Richard Black of the BBC has an insightful post that explains that even at the most basic technical level, those participating in the international process don't even know what Copenhagen means:
Many questions, few answers.Intriguingly, the morning after the deal was announced by White House press release, it wasn't clear whether it counts as an agreement within the UN system or whether it lies outside.
If parties had adopted the deal, it would be a UN issue. But they didn't, because there was no consensus; instead governments only decided to "take note" of the accord.
During their discussions afterwards, several delegations suggested this means it isn't a UN agreement - and various UN officials gave different interpretations.
If it turns out not to be a UN agreement, then - at the extreme end of things - the UN climate convention could effectively be dead as the powerful world's favoured instrument for controlling emissions.

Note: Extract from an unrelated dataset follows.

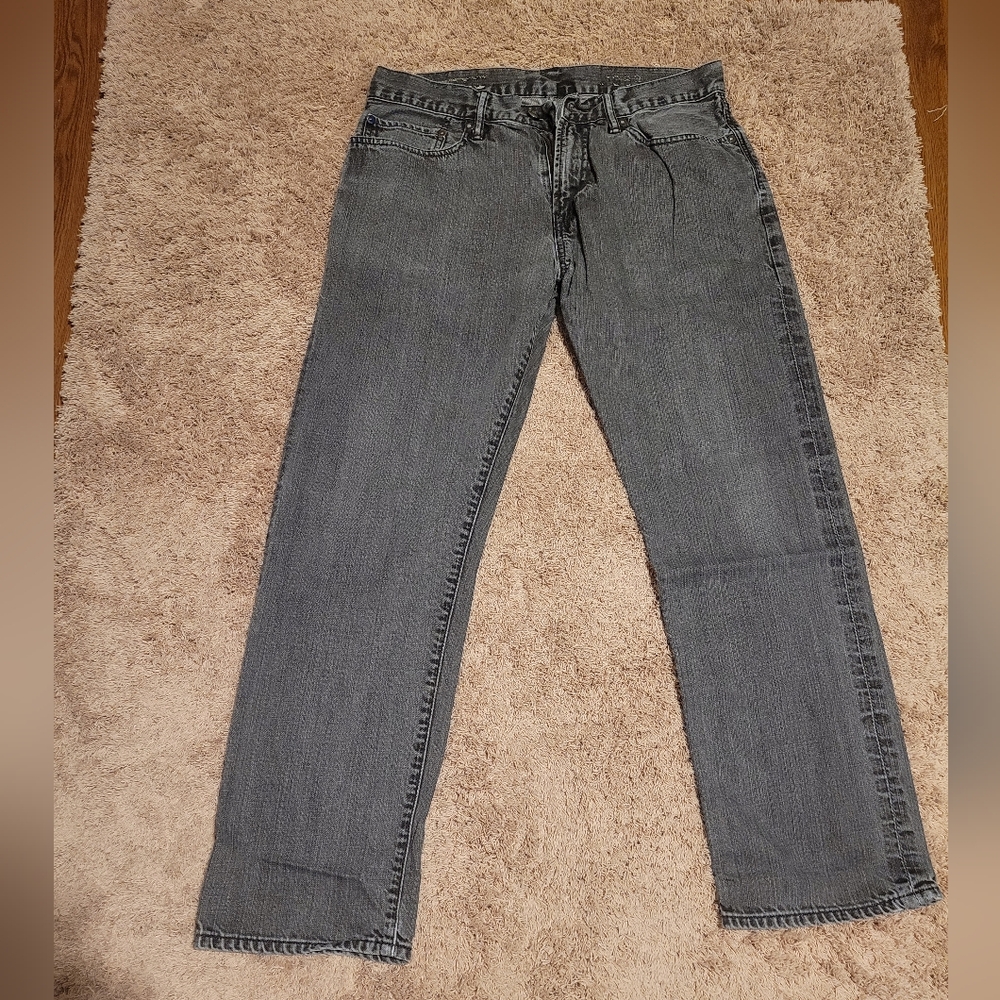 Men's gray jeans, size 34, width 32, length 32, classic style.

A deal made at a UN summit would move outside, being a free-standing arrangement effectively decided by the 26 countries involved in the drafting.
It will mean that a select group of countries - the G20, or thereabouts - will basically decide what they want to do, and then do it.
That might sound like an extreme analysis, and perhaps it is; but in the last few years, climate pledges have been made in the G8, the Major Economies Forum and the Asia-Pacific Economic Co-operation forum (Apec) - all places where countries can say what they want with no pesky small states around to demand that they do more.
Don't forget that there has been no real negotiation here on targets for developed nations. Sessions have been held, yes; but all developed countries set their own targets before they arrived, and stuck to them.
In principle, poor countries would lose from a transition away from the UNFCCC, because its mechanisms are supposed to bring them access to clean technology and money for forests and climate protection.
It's hard to overstate the size of the mood change that's occurred over the last few months - even over the last two days.
Approaching the summit, it appeared that pretty much all the countries wanted a new global climate deal under the UNFCCC umbrella. Politicians from many countries invested significant diplomatic effort to make it happen - apparently.
The concluding sequence of this much-hyped summit has left many observers and national delegations stunned.
Ministers and officials and scientists and campaigners and lobbyists who have dedicated huge swathes of the last year to making a tough deal happen watched aghast as Chinese and US leaders and their entourages flew in, took over the agenda and emerged with what was basically their own private deal, with leaders announcing it live on television before others realised it had happened.
Does Copenhagen, then, mark not the beginning of a new global climate regime but the end of the vision of global, negotiated climate governance?
Is it the end for the idea of global, negotiated governance on other environmental issues?
These are big questions that many never saw themselves having to ask in the Obama era.